Input data
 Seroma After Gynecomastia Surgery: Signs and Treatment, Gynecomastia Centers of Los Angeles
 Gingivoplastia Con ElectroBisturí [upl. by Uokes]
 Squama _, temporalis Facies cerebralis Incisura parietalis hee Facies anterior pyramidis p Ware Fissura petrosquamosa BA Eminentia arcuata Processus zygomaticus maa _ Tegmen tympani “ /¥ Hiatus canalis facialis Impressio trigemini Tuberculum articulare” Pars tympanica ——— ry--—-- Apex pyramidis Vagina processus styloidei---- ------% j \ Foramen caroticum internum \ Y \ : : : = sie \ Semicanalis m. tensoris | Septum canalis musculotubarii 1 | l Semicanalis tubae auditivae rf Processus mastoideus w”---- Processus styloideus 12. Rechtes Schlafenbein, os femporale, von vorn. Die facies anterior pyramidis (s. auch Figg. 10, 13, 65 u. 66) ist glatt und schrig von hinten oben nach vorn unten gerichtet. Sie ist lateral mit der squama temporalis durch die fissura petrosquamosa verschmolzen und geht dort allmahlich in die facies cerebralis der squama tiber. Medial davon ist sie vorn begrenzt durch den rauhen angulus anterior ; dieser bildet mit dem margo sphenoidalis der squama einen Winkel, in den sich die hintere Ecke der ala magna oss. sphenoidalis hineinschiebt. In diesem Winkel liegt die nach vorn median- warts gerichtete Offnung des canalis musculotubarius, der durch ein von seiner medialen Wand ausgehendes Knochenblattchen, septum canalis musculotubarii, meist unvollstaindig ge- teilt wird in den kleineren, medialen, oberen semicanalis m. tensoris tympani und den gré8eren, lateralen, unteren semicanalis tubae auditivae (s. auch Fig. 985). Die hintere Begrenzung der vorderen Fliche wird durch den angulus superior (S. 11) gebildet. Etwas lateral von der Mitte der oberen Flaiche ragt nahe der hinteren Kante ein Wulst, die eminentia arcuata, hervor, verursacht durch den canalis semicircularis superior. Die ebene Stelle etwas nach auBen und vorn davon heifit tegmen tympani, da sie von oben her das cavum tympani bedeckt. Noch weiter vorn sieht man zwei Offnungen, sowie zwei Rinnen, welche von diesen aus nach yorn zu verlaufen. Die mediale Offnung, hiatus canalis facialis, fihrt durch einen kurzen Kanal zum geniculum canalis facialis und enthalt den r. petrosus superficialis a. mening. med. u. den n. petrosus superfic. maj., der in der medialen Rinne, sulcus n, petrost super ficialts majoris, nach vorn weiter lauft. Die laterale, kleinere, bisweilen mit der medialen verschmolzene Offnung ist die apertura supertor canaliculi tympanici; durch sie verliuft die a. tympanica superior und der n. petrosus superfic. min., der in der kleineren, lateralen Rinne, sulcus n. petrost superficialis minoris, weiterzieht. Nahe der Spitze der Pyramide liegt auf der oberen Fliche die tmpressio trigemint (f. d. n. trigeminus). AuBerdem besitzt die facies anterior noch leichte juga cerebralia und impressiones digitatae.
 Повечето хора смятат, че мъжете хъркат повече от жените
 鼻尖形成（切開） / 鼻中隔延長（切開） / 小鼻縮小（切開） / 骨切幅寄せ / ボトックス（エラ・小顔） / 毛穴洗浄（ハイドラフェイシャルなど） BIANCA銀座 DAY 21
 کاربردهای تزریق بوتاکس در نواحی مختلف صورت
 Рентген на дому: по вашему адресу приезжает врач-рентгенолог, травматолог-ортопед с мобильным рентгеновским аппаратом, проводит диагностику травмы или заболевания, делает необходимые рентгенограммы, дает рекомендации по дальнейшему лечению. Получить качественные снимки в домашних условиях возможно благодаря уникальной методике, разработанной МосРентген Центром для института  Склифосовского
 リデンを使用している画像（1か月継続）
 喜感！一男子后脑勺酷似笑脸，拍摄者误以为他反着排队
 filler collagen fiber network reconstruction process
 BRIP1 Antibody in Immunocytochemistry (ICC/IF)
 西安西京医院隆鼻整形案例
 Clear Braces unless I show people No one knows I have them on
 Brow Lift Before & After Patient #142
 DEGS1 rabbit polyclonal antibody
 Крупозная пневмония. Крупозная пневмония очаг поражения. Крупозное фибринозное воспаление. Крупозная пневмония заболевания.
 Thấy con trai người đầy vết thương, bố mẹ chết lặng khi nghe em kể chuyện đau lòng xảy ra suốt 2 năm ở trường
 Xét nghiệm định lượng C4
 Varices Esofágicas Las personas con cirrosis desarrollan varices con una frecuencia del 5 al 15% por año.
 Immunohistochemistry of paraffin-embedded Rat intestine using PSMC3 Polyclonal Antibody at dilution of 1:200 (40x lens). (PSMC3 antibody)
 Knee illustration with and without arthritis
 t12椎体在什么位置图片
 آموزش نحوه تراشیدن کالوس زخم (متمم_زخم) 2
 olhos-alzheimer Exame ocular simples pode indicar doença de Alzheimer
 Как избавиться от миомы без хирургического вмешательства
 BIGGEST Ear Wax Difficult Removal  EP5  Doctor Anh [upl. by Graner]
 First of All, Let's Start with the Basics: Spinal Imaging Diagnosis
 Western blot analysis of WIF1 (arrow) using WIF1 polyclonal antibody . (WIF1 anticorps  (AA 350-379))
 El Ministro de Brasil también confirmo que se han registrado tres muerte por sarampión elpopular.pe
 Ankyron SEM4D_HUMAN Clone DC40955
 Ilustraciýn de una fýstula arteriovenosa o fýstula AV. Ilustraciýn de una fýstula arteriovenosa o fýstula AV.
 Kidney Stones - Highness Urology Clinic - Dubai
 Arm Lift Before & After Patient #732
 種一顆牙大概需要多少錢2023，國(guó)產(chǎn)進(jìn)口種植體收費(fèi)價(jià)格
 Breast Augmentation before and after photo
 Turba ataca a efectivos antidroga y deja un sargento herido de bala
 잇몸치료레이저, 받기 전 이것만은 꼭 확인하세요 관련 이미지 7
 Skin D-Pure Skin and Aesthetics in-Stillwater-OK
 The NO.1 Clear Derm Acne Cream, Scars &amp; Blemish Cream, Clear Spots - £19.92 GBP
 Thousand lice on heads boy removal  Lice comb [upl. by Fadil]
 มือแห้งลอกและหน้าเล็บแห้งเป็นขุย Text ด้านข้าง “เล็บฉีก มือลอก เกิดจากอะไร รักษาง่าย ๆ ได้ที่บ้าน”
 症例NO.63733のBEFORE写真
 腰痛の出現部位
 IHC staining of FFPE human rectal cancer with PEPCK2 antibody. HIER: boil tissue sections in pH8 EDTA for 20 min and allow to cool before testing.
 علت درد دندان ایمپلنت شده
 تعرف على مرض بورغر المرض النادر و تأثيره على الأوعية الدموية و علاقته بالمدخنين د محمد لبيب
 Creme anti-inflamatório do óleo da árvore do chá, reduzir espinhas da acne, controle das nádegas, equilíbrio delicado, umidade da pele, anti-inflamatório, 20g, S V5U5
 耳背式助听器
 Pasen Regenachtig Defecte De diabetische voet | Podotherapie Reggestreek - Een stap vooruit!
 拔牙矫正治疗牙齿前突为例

Task objective
Would you retype exactly the lines above, from the line with "種一顆牙大概需要多少錢202" to the line with "تعرف على مرض", with both end lines kept and nothing more?

Written solution
 種一顆牙大概需要多少錢2023，國(guó)產(chǎn)進(jìn)口種植體收費(fèi)價(jià)格
 Breast Augmentation before and after photo
 Turba ataca a efectivos antidroga y deja un sargento herido de bala
 잇몸치료레이저, 받기 전 이것만은 꼭 확인하세요 관련 이미지 7
 Skin D-Pure Skin and Aesthetics in-Stillwater-OK
 The NO.1 Clear Derm Acne Cream, Scars &amp; Blemish Cream, Clear Spots - £19.92 GBP
 Thousand lice on heads boy removal  Lice comb [upl. by Fadil]
 มือแห้งลอกและหน้าเล็บแห้งเป็นขุย Text ด้านข้าง “เล็บฉีก มือลอก เกิดจากอะไร รักษาง่าย ๆ ได้ที่บ้าน”
 症例NO.63733のBEFORE写真
 腰痛の出現部位
 IHC staining of FFPE human rectal cancer with PEPCK2 antibody. HIER: boil tissue sections in pH8 EDTA for 20 min and allow to cool before testing.
 علت درد دندان ایمپلنت شده
 تعرف على مرض بورغر المرض النادر و تأثيره على الأوعية الدموية و علاقته بالمدخنين د محمد لبيب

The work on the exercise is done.